Search the data for the word "Real" and copy out every line that has it.
──────── RECORDS FOR THIS EXERCISE ────────
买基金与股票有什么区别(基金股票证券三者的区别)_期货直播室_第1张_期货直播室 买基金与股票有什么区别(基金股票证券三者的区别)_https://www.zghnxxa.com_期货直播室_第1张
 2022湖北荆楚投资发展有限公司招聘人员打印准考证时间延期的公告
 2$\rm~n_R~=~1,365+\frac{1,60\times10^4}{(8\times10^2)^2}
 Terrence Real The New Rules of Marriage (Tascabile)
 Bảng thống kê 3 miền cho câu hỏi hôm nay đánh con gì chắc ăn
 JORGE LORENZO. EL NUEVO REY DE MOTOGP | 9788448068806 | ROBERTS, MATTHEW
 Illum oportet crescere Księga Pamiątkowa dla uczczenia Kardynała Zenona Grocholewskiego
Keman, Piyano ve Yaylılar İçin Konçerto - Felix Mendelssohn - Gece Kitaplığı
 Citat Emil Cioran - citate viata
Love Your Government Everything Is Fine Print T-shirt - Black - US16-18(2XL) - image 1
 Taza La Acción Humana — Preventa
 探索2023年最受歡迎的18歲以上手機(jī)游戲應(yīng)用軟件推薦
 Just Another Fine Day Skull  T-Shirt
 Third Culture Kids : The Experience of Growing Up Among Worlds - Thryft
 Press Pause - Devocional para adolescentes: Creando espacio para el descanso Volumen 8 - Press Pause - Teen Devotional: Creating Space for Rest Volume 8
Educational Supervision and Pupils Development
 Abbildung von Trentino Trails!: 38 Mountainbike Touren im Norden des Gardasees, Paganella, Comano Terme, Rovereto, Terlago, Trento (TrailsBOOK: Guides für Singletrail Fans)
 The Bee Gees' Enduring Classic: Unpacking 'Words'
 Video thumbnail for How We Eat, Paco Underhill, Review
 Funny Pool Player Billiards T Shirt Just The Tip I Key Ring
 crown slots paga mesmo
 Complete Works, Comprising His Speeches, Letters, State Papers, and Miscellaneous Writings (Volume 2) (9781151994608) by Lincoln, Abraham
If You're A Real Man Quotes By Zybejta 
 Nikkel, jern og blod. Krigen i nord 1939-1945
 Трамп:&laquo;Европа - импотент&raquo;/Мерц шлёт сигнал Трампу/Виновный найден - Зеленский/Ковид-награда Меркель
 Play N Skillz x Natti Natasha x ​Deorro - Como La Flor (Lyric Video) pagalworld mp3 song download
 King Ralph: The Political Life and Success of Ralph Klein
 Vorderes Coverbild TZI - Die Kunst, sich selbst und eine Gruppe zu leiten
────────
- _TASK SOLUTION_:
 Terrence Real The New Rules of Marriage (Tascabile)
If You're A Real Man Quotes By Zybejta 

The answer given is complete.